Function for running a principal components analysis (PCA) with training (and test) data. Expands on the stats::prcomp function.

principal_components_analysis(train, test = NULL)

Arguments

train

A data frame or matrix. Assumes all columns should be included in the PCA.

test

An optional data frame or matrix. Must have the same number of columns and same column names as train.

Value

A list with the standardized data, the results of the call to stats::prcomp, the rotation matrix (eigenvectors), the eigenvalues, the correlations between raw scores and component scores, and the root-mean square error for the training and test sets when using a smaller number of components.

Examples

# Simulate training and test data
train <- MASS::mvrnorm( 100, rep( 0, 8 ), diag(8) )
test <- MASS::mvrnorm( 100, rep( 0, 8 ), diag(8) )

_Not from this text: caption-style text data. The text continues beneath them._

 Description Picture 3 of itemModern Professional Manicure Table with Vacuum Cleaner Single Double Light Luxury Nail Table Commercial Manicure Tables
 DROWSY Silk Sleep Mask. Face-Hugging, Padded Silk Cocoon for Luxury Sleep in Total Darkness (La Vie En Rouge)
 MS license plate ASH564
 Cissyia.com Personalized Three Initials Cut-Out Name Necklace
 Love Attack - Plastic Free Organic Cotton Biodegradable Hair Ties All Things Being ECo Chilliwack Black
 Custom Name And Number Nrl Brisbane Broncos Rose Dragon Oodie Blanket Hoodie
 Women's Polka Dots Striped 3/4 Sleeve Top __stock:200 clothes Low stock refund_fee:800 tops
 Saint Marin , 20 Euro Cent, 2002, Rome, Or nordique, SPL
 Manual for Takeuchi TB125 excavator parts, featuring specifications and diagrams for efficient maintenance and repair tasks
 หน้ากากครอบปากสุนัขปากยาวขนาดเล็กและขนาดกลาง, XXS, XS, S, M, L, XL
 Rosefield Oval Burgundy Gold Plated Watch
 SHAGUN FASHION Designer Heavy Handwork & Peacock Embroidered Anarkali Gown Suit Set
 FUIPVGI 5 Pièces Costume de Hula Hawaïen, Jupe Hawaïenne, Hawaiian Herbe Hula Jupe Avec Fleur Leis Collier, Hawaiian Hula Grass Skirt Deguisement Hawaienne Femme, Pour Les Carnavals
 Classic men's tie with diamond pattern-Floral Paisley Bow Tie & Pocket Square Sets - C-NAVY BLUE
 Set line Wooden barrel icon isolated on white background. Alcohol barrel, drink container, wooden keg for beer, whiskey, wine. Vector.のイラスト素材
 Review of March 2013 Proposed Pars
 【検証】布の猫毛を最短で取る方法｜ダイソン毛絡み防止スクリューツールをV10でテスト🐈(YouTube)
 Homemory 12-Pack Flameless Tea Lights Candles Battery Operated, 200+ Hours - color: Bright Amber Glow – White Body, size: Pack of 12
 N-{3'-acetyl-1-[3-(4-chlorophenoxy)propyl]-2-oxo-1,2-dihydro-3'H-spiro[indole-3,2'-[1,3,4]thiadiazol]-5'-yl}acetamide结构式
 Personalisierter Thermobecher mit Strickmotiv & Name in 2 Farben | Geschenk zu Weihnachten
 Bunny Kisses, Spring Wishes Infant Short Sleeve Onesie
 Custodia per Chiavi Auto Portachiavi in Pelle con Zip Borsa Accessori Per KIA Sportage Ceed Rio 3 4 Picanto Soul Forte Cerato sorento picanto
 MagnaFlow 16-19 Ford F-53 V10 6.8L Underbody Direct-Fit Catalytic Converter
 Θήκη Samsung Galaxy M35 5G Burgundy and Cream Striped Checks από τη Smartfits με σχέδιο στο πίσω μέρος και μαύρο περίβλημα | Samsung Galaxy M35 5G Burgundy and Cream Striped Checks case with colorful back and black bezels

PCA <- principal_components_analysis(
  train = train, test = test
)

# Loading matrix
lambda <- cbind(
  c( runif( 4, .3, .9 ), rep( 0, 4 ) ),
  c( rep( 0, 4 ), runif( 4, .3, .9 ) )
)
# Communalities
D_tau <- diag( runif( 8, .5, 1.5 ) )

cov_mat <- lambda %*% t( lambda ) + D_tau
cor_mat <- cov2cor( cov_mat )

set.seed( 341 ) # For reproducibility
x <- MASS::mvrnorm( n = 200, mu = rep( 0, 8 ), Sigma = cor_mat )
colnames(x) <- paste0( 'C', 1:8 )

PCA <- principal_components_analysis(
  train = x
)